(Exercise) Reproduce the listing verbatim through the line with "Used 2024 GMC".
▬▬▬▬▬▬▬▬▬▬
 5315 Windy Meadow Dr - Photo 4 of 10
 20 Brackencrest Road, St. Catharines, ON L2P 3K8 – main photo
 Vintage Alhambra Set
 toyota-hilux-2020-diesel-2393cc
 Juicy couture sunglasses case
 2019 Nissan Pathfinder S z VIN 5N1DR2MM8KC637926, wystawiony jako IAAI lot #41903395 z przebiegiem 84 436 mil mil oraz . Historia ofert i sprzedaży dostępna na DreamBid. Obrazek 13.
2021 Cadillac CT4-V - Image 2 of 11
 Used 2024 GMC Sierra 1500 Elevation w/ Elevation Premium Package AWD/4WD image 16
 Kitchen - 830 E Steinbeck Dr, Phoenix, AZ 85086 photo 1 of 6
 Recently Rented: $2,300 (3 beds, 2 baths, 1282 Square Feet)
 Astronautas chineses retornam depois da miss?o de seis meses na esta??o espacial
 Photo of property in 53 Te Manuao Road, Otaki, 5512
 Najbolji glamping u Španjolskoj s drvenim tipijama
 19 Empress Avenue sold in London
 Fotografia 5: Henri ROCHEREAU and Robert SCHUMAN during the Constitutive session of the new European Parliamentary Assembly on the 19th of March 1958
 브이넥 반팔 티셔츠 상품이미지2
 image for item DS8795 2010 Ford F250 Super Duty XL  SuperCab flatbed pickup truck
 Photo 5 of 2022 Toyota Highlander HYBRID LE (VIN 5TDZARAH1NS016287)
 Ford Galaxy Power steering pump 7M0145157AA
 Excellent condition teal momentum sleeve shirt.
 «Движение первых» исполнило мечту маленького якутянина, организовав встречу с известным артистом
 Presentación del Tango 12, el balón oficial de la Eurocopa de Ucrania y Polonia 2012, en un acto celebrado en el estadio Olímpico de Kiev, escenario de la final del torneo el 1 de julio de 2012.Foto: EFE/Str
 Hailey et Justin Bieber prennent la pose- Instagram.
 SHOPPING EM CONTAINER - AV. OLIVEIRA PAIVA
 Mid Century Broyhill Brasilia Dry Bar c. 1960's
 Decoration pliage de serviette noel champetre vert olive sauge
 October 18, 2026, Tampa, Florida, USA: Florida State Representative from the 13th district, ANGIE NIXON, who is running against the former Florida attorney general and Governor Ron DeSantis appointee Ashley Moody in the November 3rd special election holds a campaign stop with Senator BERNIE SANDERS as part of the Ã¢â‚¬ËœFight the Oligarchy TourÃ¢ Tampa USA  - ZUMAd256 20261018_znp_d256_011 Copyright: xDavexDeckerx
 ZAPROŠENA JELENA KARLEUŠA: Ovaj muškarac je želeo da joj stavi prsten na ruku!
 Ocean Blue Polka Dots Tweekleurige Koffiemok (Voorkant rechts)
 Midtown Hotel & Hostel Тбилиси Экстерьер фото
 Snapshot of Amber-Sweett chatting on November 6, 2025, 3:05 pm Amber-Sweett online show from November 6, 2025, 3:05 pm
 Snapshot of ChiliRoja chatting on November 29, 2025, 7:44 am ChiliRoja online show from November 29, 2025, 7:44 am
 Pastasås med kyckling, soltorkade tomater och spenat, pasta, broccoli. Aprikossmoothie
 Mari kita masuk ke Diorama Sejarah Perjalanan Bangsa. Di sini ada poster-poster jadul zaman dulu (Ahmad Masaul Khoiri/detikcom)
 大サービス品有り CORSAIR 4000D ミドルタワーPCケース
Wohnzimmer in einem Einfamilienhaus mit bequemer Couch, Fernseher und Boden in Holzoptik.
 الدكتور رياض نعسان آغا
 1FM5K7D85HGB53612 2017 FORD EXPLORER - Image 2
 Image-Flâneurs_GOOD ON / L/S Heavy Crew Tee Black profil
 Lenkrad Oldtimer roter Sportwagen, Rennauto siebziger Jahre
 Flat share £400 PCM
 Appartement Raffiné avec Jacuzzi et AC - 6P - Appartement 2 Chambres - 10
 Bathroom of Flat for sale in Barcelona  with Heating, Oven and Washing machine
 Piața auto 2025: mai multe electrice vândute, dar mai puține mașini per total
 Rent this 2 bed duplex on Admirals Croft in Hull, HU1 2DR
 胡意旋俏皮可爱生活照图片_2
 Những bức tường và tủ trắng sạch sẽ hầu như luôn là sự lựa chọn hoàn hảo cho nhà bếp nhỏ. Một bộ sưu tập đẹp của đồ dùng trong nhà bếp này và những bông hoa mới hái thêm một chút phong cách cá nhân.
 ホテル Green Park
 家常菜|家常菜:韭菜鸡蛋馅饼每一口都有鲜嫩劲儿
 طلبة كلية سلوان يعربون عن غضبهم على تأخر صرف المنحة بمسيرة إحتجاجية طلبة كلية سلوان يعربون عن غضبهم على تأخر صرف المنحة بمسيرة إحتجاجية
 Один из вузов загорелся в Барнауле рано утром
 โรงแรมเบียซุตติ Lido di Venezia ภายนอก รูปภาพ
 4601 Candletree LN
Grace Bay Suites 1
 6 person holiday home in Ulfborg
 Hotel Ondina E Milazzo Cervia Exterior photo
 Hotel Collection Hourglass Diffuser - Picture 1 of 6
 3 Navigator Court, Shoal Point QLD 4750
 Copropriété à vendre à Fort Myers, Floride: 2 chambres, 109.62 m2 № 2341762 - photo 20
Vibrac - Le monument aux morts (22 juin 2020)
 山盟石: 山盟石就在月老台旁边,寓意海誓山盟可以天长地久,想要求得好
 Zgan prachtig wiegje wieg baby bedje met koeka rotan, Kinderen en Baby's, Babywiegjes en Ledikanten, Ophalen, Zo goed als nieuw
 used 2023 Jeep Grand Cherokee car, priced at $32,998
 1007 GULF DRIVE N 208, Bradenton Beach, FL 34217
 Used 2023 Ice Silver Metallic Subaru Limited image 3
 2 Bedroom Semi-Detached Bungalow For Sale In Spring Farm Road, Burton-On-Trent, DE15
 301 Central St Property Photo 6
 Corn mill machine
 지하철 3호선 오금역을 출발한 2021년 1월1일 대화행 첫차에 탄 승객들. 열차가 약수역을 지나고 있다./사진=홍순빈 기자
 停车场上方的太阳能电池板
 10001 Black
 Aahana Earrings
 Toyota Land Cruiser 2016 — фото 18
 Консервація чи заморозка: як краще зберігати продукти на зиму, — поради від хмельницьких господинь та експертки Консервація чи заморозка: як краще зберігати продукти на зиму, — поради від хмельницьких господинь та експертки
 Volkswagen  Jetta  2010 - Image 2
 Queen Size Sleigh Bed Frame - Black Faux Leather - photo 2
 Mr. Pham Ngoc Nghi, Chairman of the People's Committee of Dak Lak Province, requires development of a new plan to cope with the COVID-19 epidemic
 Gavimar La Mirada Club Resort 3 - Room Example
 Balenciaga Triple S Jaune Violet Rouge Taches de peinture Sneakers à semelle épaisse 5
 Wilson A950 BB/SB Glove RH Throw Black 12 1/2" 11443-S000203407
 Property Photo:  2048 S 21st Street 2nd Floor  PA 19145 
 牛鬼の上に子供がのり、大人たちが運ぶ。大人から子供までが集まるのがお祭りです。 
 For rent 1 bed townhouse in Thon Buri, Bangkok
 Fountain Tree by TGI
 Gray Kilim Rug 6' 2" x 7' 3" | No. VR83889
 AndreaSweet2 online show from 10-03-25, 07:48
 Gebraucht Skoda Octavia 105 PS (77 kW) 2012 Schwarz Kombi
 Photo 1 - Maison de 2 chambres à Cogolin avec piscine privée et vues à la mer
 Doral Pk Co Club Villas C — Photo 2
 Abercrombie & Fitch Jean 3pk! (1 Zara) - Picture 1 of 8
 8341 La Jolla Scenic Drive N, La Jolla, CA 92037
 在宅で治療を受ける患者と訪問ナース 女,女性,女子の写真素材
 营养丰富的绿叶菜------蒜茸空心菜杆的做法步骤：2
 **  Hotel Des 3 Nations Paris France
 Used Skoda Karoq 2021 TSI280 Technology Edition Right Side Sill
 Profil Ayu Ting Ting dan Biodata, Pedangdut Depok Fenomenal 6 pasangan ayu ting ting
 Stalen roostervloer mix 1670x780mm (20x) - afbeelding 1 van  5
▬▬▬▬▬▬▬▬▬▬
(Reply to the task)
 5315 Windy Meadow Dr - Photo 4 of 10
 20 Brackencrest Road, St. Catharines, ON L2P 3K8 – main photo
 Vintage Alhambra Set
 toyota-hilux-2020-diesel-2393cc
 Juicy couture sunglasses case
 2019 Nissan Pathfinder S z VIN 5N1DR2MM8KC637926, wystawiony jako IAAI lot #41903395 z przebiegiem 84 436 mil mil oraz . Historia ofert i sprzedaży dostępna na DreamBid. Obrazek 13.
2021 Cadillac CT4-V - Image 2 of 11
 Used 2024 GMC Sierra 1500 Elevation w/ Elevation Premium Package AWD/4WD image 16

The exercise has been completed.